The first one I ever tried was the Island Mango & Peach (not pictured).  A friend gave me a bag to try and I really enjoyed it so I got my own box.  Then, sadly, after a couple of cups I grew tired of it and gave it away to another friend that used to drink it everyday.

Then I moved on to Vanilla Caramel Truffle.  I have gone through a few boxes of that one.  Even my most snobbish of tea friends enjoy this one.  To me, it's a perfect tea for after dinner to be enjoyed either with a dessert or by itself as a dessert.  It has these little white vanilla pieces that melt when you brew it.  It's not overly sweet but it's as sweet as I'll go with teas - and this is the only sweetish one I enjoy.

After than, I bought their Chai Tea, and while it's not my favorite chai, it's not all that bad.  It's the only one I know of in my collection that adds black pepper and you can really taste that once you start getting to the bottom of the cup.  You wouldn't think that would work but somehow it does.

The newest one I bought yesterday is the Black Pearl tea.  I read the words Sri Lanka on it and knew what to expect.  It's a ceylon tea.  Not as strong as the loose Ceylon by Ahmad Tea of London which I prefer, but the leaves seem to be very similar in quality.  Maybe I just usually add more to my tea strainer than what they stuff into a bag.  It's good for when you just want just a quick, no-fuss cuppa.

While I do recommend passing over the regular Lipton, I would say don't turn these down just because of the logo.  You might be surprised.  I know I was.


Tuesday, February 4, 2014

Royal by Newman's Own

When it comes to teas that are sold in boxes of 100 - it's never very promising.  (Looking at you Lipton!)  But this tea, which originally sells for $4 and change, was on sale for $2 and change at a health food store by my husbands office that we had dinner at on his break.  The sale price was what left me considering giving it a whirl.
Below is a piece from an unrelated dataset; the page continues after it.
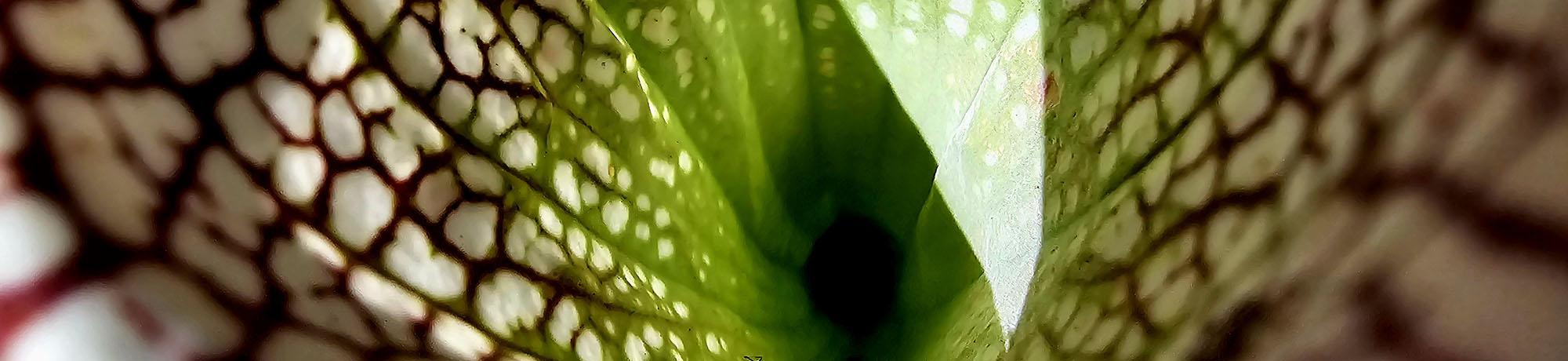 Close-up view of a carnivorous pitcher plant, showing vibrant green interior and white-veined, red-bordered patterns on its tubular leaves.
I debated for about 10 minutes on whether or not to buy it.  Part of me was worried it was going to be as horrendous as Lipton while the other part of me was arguing that their is no possible way for anything to be that horrendous.  (Unless of course you read my last post in which my taste buds were assaulted with uninvited Stevia leaves.)

I finally gave in and made the purchase - after my husband got annoyed with just standing there watching me pick-up the box, put down the box, and repeat this process on loop during the entire length of my inner-dialogue debate.

I gave him a handful of them to take back to his office while I went to enjoy mine at my parents house.  We shared similar opinions on this tea.  It's nothing special, but it's not complete crap.  I might have photographed it with my most royal of mugs, but it is no where near worthy enough to corrupt the chastity of my Princess Diana & Prince Charles mug, no matter how many times you find the word "royal" written on the box.

I'm pretty sure this tea doesn't take itself too seriously, either.  The back of the box contains directions on properly steeping the tea that are written in a way very similarly to the directions for the Holy Hand Grenade of Antioch.  Which are pretty basic.  It's the type of tea that needs the water to be boiling and the bag left in it the entire time you're drinking it in order for it to be strong enough.  It's packaged in those sketchy little paper bags where you have to tear the handle off from perforated parts on the bag itself, which I always find annoying since I don't want to participate in arts and crafts whenever I want a cuppa.  What I do like about it is that it is a no-fuss black tea that tastes like a black tea.  Not how Lipton just tastes like garbage that has no semblance to a black tea other than it's darker color.  And what's more is that you really can't beat that price even if it isn't on sale.

So I'll end this on a very bland cheers!